10.11.2025

Das Testament und die Patientenverfügung im Erbrecht

Der Autor hat für seine Frau und sich sowie für Freunde und Mandanten eine „ Vorsorgliche Patientenerklärung an künftig behandelnde Ärzte" entworfen. Die häufige Bezeichnung als „Patiententestament" ist hier falsch. Denn das Testament ist eine Verfügung für die Zeit nach dem Tode. Der Begriff wäre allenfalls für Verfügungen über eigene Organe nach Eintritt des Todes sinnvoll.
Die Erklärung sieht zunächst Angaben zur Person vor, zu eventuell interessierenden früheren Krankheiten, zur Blutgruppe, zum Hausarzt und zu nahestehenden Personen. Sie hat nur Bedeutung für den Fall, dass der Erklärende nicht mehr entscheidungsfähig, insbesondere bewusstlos ist. Die Beglaubigung der Unterschrift ist nicht notwendig, aber zweckmäßig. Zur Sache hat die Erklärung folgenden Wortlaut:
Wir wünschen bei Lebensgefahr, solange wir aufnahmefähig sind, behutsame, aber unmißverständliche ärztliche Aufklärung über die Diagnose und die Prognose sowie über die Chancen und die Risiken von Behandlungsalternativen.
Bei der Formulierung dieses Textes haben ein sehr viel längerer Entwurf sowie ein daraus entwickeltes Konzept des Verlags in Berlin vorgelegen. Der vorstehende Entwurf versucht eine kürzere, begrifflich schärfere und präzisere Fassung; er vermeidet Wiederholungen und Überschneidungen und beschränkt sich auf das praktisch Relevante.

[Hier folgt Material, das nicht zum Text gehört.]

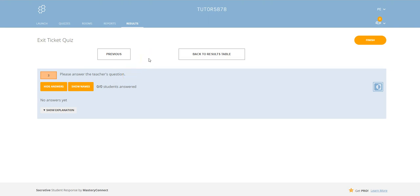You can either verbally ask a question to your class or you can write a question on the board. And obviously in the same way, the students respond to that by writing their comments, their response into the app.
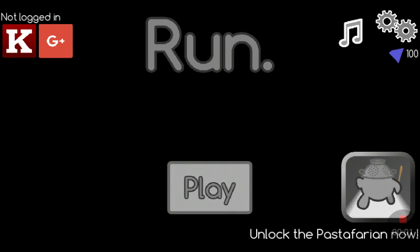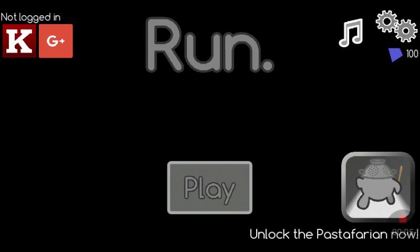Hello everybody, welcome back to another video. Today we are playing RUN! Yay!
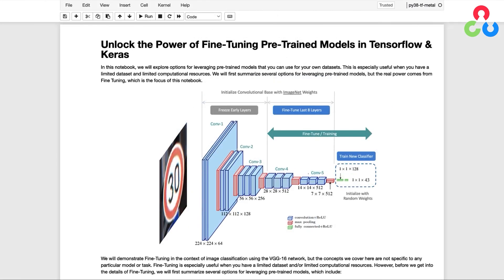Using pre-trained models out of the box is an excellent choice if you have a broad range of content that encompasses the classes in ImageNet, but there are other ways to leverage pre-trained models to repurpose them for custom datasets. In this video we're going to focus on a technique referred to as fine-tuning with a coding implementation in which we use the VGG16 network for a classification task. However, all the concepts we're going to cover here are not specific to any particular model or task.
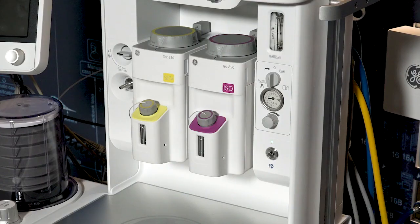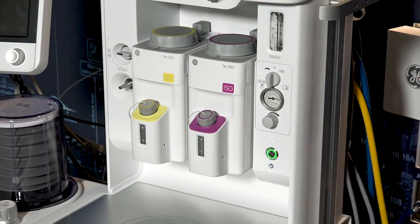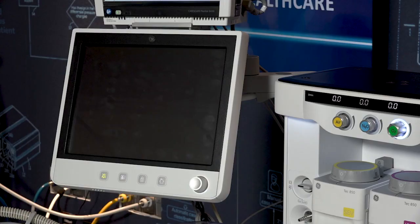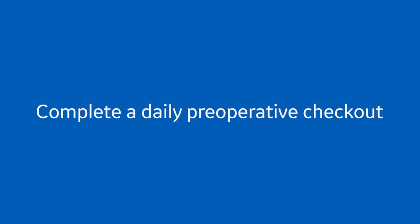Push the on or standby switch for one second to turn on the system. It will take approximately 45 seconds for the display screen to turn on. The power should be cycled once every 24 hours. Complete a daily periop checkout as described in the machine user's manual. The anesthesia machine is intended to be power cycled and fully tested once a day.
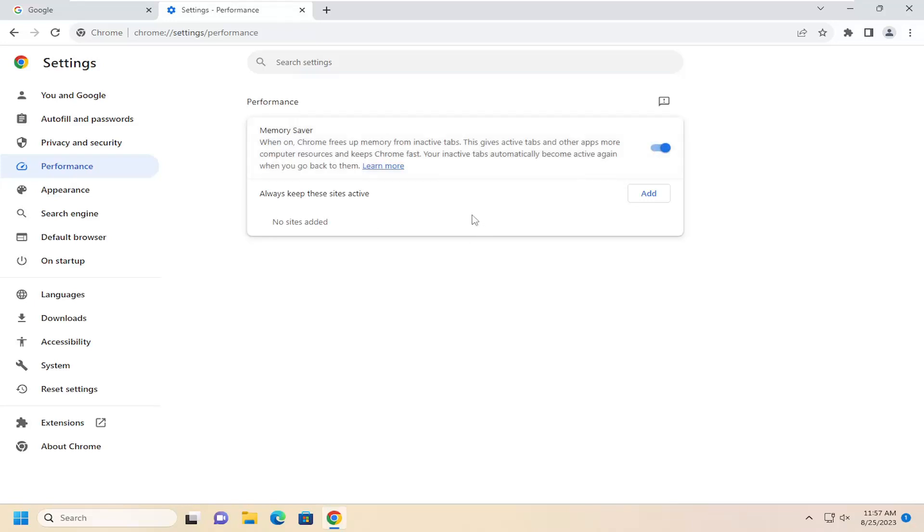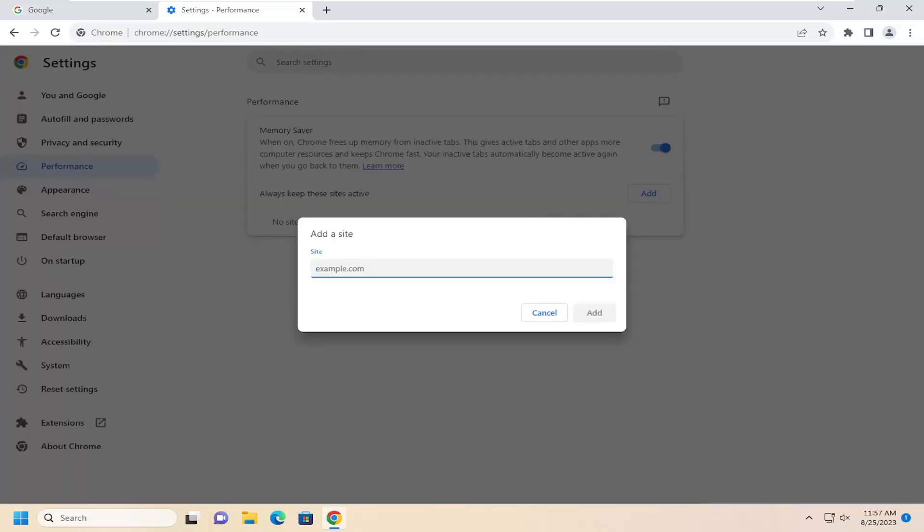So there might be certain situations where you do not want to turn it off. It will stop loading web pages in the background. So if you want to allow certain websites or web pages to always be active, you can select the add button and then type in a domain that you want to be excluded from this. So let's say maybe YouTube.com, for example.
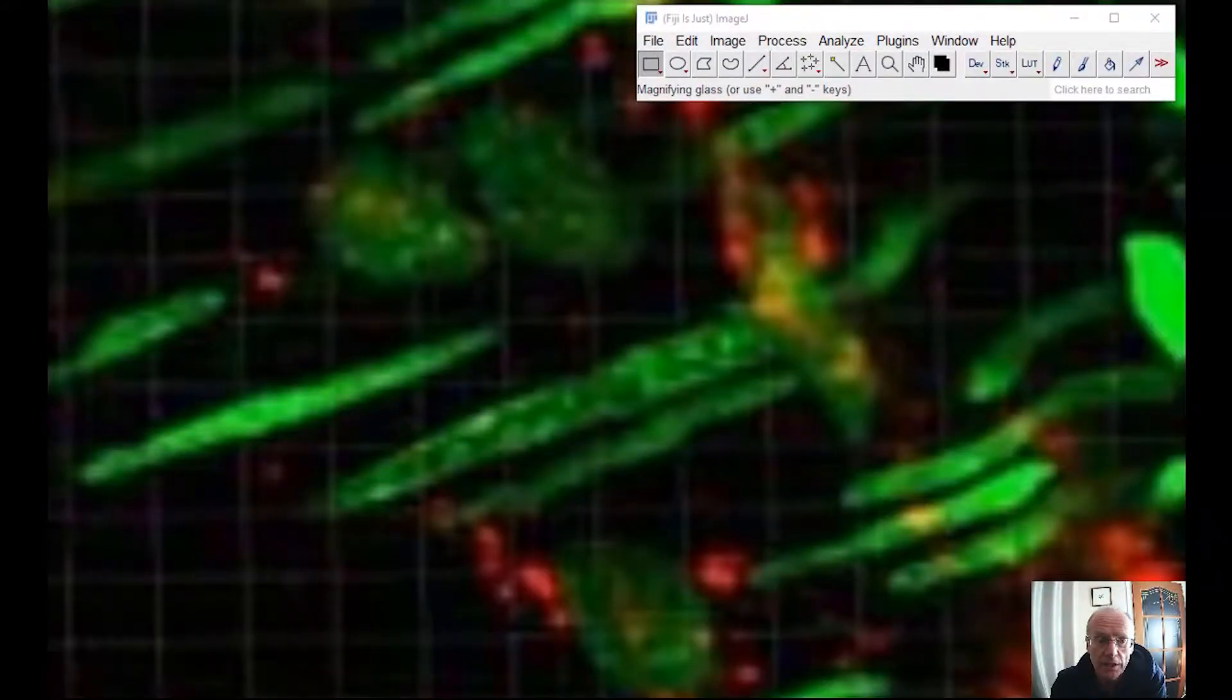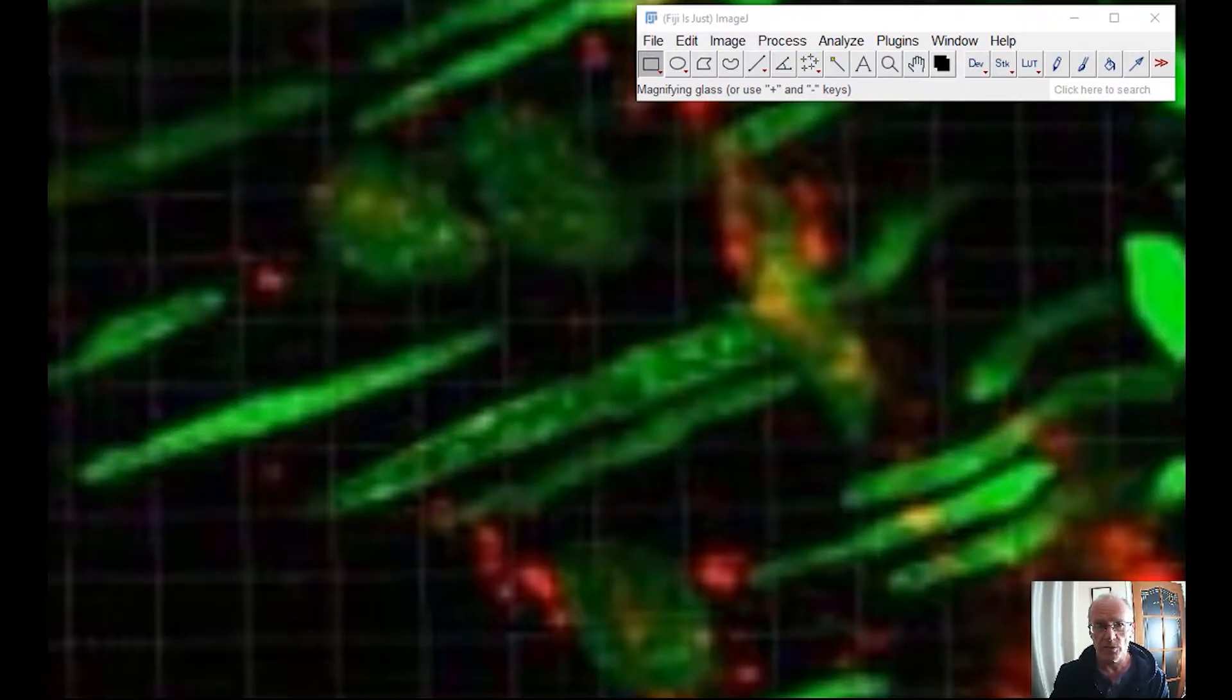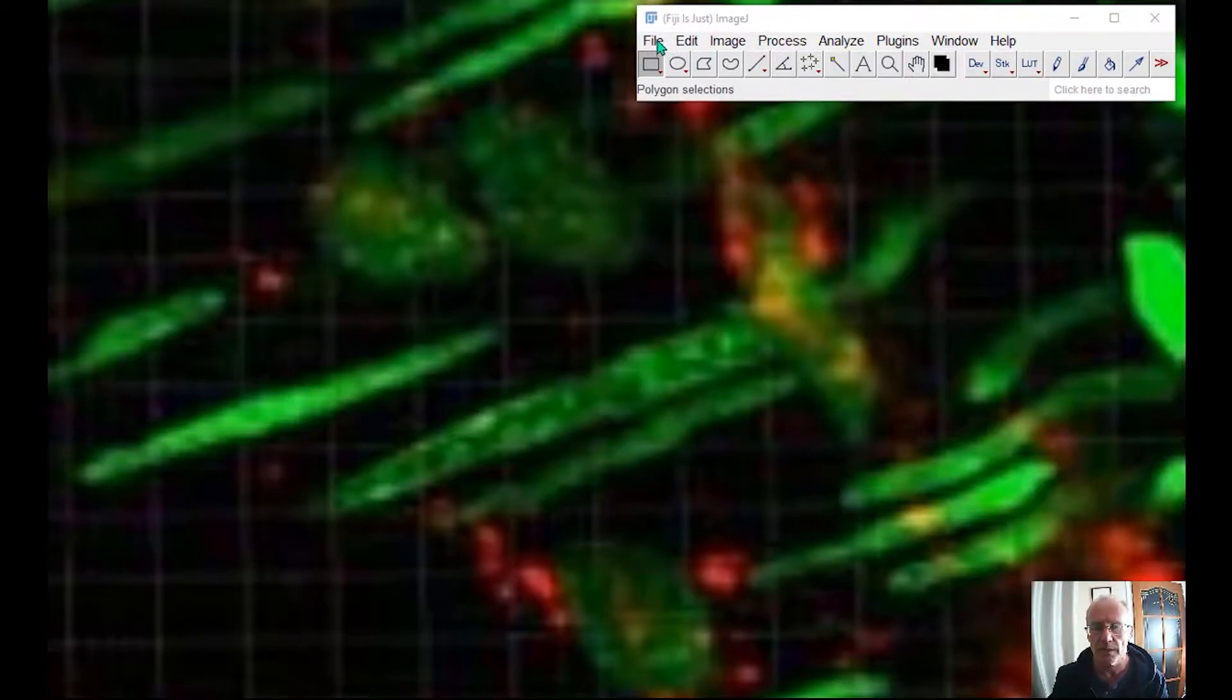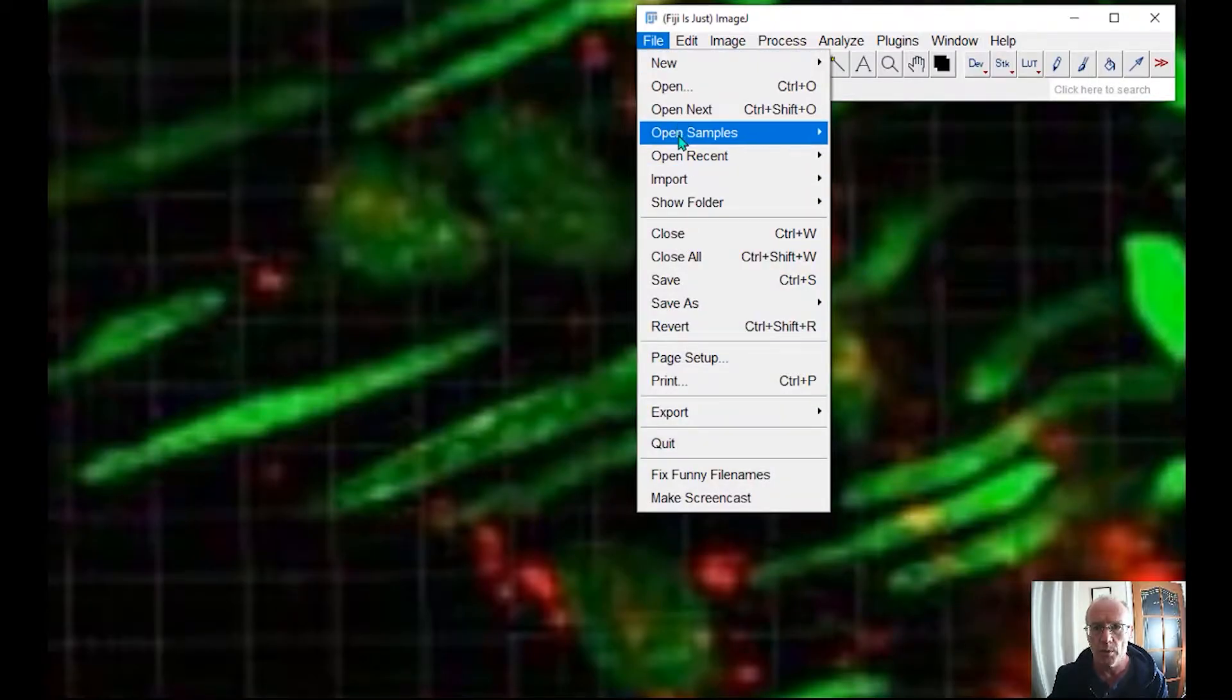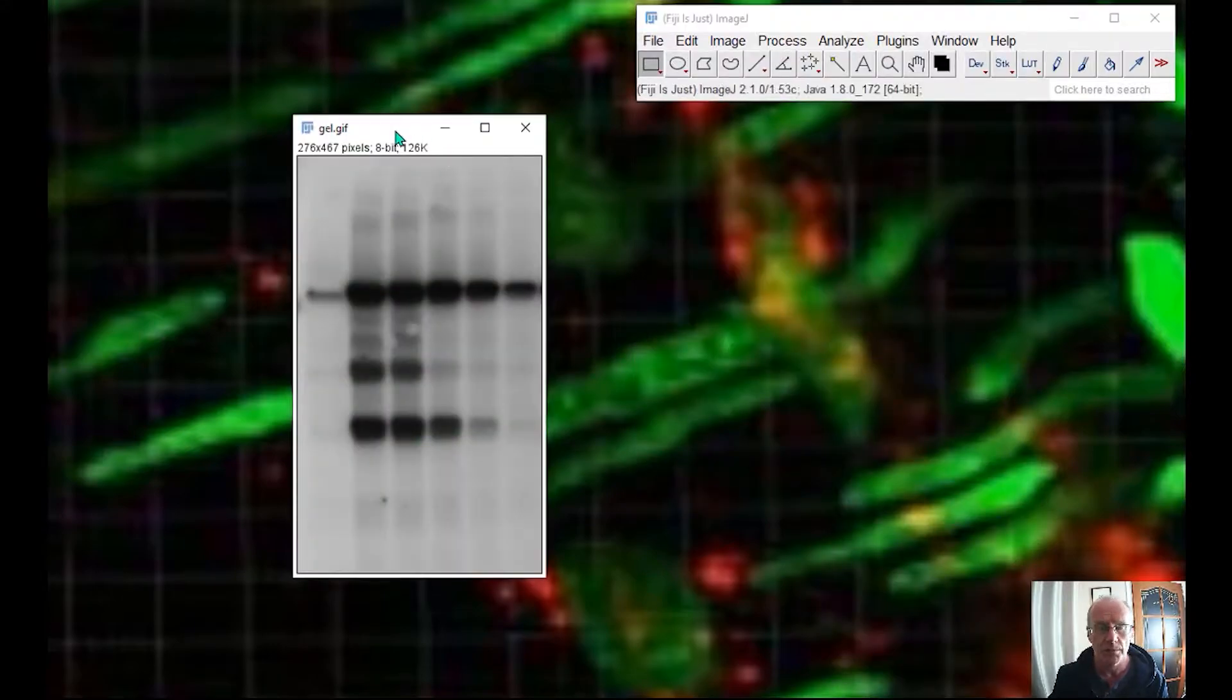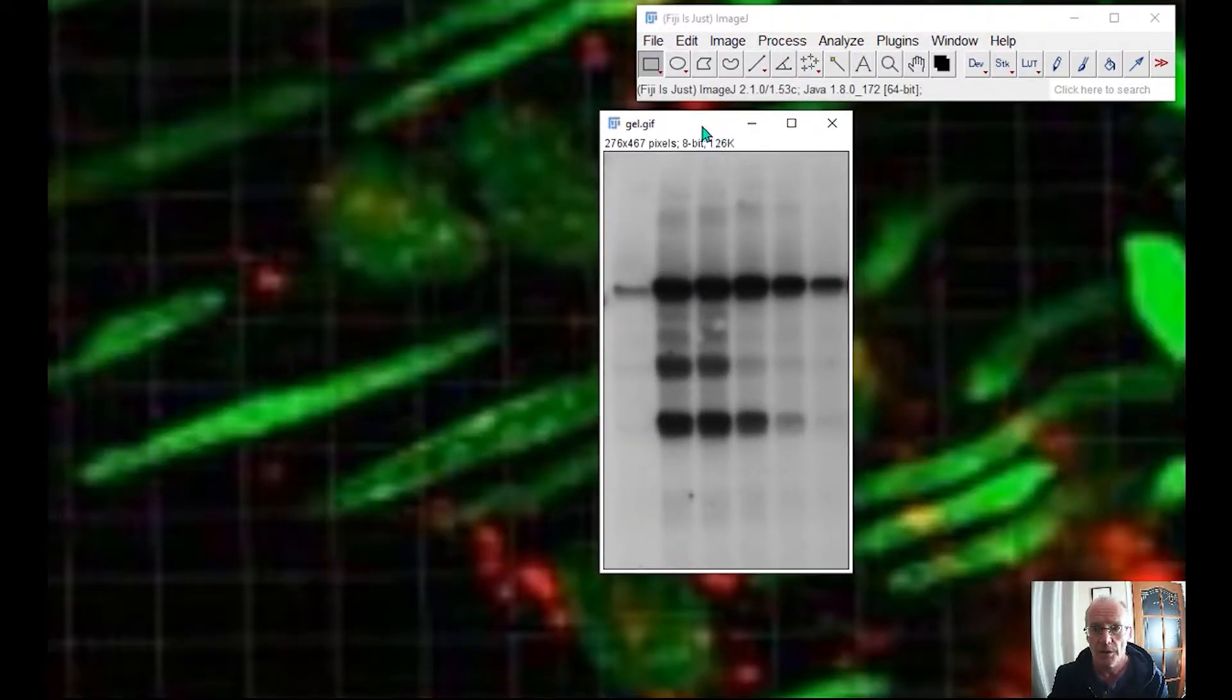So as I said in the introduction, the channel is about science chat and image analysis and image processing. And in this particular video, I'd like us to have a chat about what is the best way to analyse a gel or a blot? Because it's not something that I normally do. It's not my particular science. So let me open up the gel sample that comes with Fiji.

Der dritte Absatz zur Sterbehilfe mag eine leichte Grenzüberschreitung ins rechtlich Zweifelhafte enthalten. Das schadet nicht und ermahnt die Ärzte, den Patienten nicht durch unsinnige, unerbetene, ja aufgezwungene Verlängerung der Sterbenszeit zu quälen.
Dagegen wird in der Erklärung darauf verzichtet, vom Arzt euphorisierende und bewußtseinserweiternde Drogen zu verlangen, die geeignet sind, den Todkranken auch die psychischen Lasten der letzten Stunden zu nehmen und ihm Freude zu verschaffen. Das würde dem Arzt viel Souveränität abfordern und muss seinem eigenen Ermessen überlassen bleiben. Im übrigen kann der Kranke es ja in aktueller Lage mündlich erbitten.
Ernst Jünger sagt in den „Annäherungen: Drogen und Rausch" 1970, überzeugend: „Dem Leidenden, dessen Uhr schnell abläuft, den Schmerz zu lindern, ist selbstverständlich, doch nicht genug. Wir sollten an sein einsames Lager noch einmal die Fülle der Welt heranführen. In der Todesstunde sind nicht Narcotica, sondern eher Gaben, die das Bewusstsein erweitern und schärfen, angebracht". Für den, der sich dem Grenzenlosen nähert, müssen die Grenzen also weit gesteckt werden. Die anschließenden, vorsichtig modifizierenden Wendungen der Rechtsprechung zum Erbrecht können hier außer Betracht bleiben.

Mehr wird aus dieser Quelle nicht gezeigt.